SERANG | TD — Rencana Agung Sedayu Group (ASG) mengajukan Perizinan Berusaha Pemanfaatan Hutan (PBPH) di kawasan hutan lindung pesisir utara Kabupaten Tangerang menuai kritik dari sejumlah pihak. Pengajuan izin tersebut dilakukan setelah proyek Tropical Coastland PIK 2 dicabut dari daftar Proyek Strategis Nasional (PSN).

Direktur Utama Agung Sedayu Group, Nono Sampono, diketahui bertemu Wakil Gubernur Banten Dimyati Natakusumah di Kawasan Pusat Pemerintahan Provinsi Banten (KP3B), Kota Serang, pada Selasa (7/4/2026). Dalam pertemuan itu, ASG memaparkan rencana pemanfaatan kawasan hutan lindung melalui pengajuan PBPH seluas 900 hektare dari total 1.601 hektare hutan lindung yang berada di Kabupaten Tangerang.

Sebelumnya, pada 13 Maret 2026, Satgas Penertiban Kawasan Hutan (Satgas PKH) telah melakukan penertiban dan penguasaan kembali kawasan hutan lindung Pakuhaji seluas 1.601 hektare. Kawasan tersebut sebelumnya dialokasikan untuk proyek Tropical Coastland PIK 2 sebelum dicoret dari daftar PSN melalui Peraturan Menteri Koordinator Bidang Perekonomian Nomor 16 Tahun 2025 yang berlaku sejak 24 September 2025.
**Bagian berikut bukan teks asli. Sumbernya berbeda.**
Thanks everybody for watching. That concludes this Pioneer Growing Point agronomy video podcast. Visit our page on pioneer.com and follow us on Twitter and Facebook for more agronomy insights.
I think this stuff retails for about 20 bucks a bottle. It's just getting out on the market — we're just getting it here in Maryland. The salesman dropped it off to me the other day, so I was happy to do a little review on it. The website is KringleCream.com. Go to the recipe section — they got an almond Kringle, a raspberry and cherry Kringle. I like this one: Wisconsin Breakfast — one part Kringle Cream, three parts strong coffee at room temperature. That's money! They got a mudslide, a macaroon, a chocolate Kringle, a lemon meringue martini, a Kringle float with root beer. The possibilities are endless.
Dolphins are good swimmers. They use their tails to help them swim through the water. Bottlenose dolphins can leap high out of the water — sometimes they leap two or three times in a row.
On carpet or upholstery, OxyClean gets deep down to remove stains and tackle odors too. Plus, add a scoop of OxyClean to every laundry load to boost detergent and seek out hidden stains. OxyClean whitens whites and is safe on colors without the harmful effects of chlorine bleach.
Dalam evaluasinya, pemerintah pusat menilai proyek tersebut menghadapi sejumlah persoalan, antara lain masalah pertanahan, potensi konflik sosial, keterkaitan dengan kawasan hutan lindung, serta belum terpenuhinya dokumen Rencana Detail Tata Ruang (RDTR).
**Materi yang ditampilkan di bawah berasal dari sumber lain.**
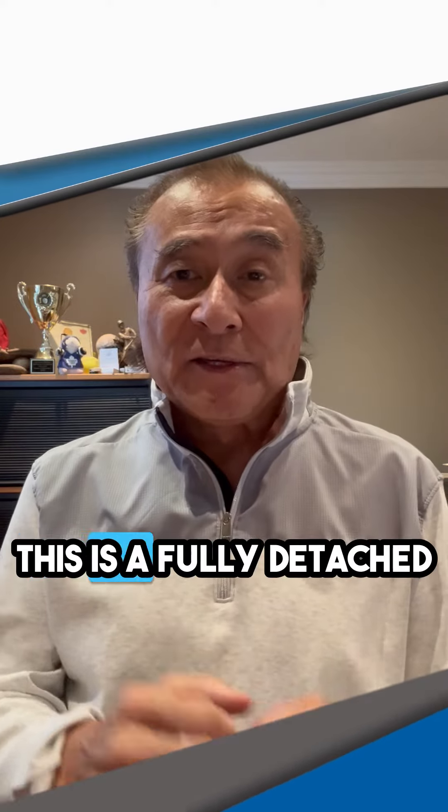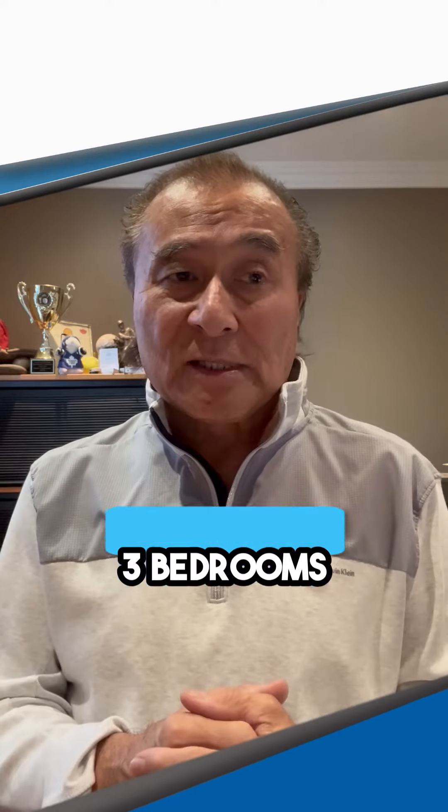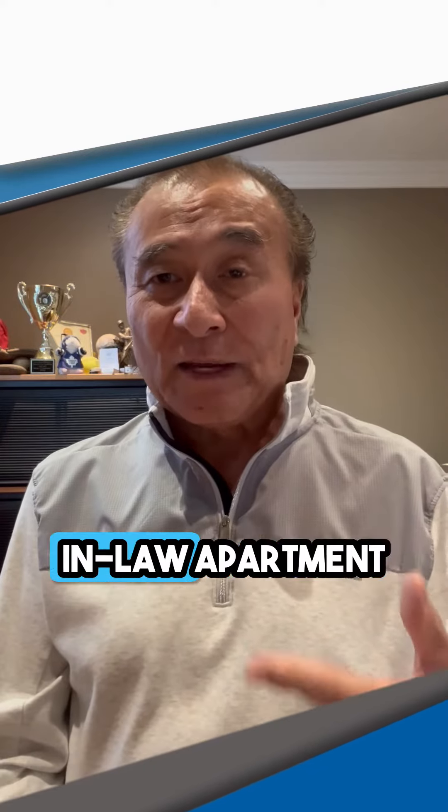Hi, Brian here. We've got a fantastic listing in Ajax. This is a fully detached two-story home, three bedrooms. It's got an eat-in kitchen, but most of all, it's actually got a basement that's finished and set up like an in-law apartment.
Selain itu, usulan pemanfaatan kawasan tersebut juga sempat menjadi sorotan karena surat usulan dari Penjabat Gubernur Banten saat itu, Al Muktabar, kepada Kementerian Kehutanan melalui Surat Nomor B-007/2136/BAPP/2024 tertanggal 25 Juli 2024 disebut diajukan tanpa melalui konsultasi dengan Bappeda maupun Dinas Lingkungan Hidup (DLH) Provinsi Banten.
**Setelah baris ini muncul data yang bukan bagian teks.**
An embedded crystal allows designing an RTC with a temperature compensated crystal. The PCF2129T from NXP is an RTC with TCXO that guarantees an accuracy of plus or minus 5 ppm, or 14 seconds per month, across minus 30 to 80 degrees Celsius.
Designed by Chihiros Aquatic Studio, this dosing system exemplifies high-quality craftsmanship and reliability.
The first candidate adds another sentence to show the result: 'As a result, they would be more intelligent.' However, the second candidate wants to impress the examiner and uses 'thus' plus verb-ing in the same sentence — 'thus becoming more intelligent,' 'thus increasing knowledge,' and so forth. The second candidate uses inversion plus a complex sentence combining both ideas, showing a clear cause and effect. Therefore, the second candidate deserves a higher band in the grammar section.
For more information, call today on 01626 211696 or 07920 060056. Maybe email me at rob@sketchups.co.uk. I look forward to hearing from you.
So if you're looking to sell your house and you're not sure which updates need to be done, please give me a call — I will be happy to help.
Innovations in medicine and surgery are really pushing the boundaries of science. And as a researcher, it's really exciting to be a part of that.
Menanggapi rencana pengajuan PBPH oleh ASG, Direktur Eksekutif Nasional Teratai Institute, Yanto, meminta pemerintah daerah dan pemerintah pusat menolak permohonan tersebut.

“Sikap Teratai Institute sejak awal tidak pernah berubah. Pada 20 Februari 2025 kami telah menyampaikan desakan kepada pemerintah pusat dan daerah untuk menolak usulan perubahan kawasan hutan lindung di Tangerang. Komitmen kami mengawal isu ini bersifat jangka panjang,” kata Yanto di Tangerang, Selasa (9/6/2026).

Menurut Yanto, pencoretan proyek PIK 2 dari daftar PSN menjadi sinyal bahwa pemerintah pusat mengedepankan aspek lingkungan, ketahanan pangan, dan kepentingan masyarakat dalam pengelolaan kawasan tersebut.

Ia menilai pengajuan PBPH oleh ASG perlu dikaji secara cermat agar tidak bertentangan dengan arah kebijakan pemerintah yang telah melakukan evaluasi terhadap proyek tersebut.

“Upaya pengajuan PBPH atas 900 hektare kawasan hutan lindung ini harus dilihat secara hati-hati agar tidak mengabaikan hasil evaluasi yang telah dilakukan pemerintah pusat,” ujarnya.

Teratai Institute juga meminta Pemerintah Provinsi Banten mempertimbangkan aspek lingkungan dan ketahanan pangan dalam menindaklanjuti permohonan tersebut. Menurut Yanto, kawasan pesisir utara Tangerang memiliki fungsi ekologis yang penting dan beririsan dengan kawasan sawah yang dilindungi.

Ia mengingatkan bahwa pemerintah telah menerbitkan Peraturan Presiden Nomor 4 Tahun 2026 yang memperketat pengendalian alih fungsi lahan dalam rangka mendukung ketahanan pangan nasional.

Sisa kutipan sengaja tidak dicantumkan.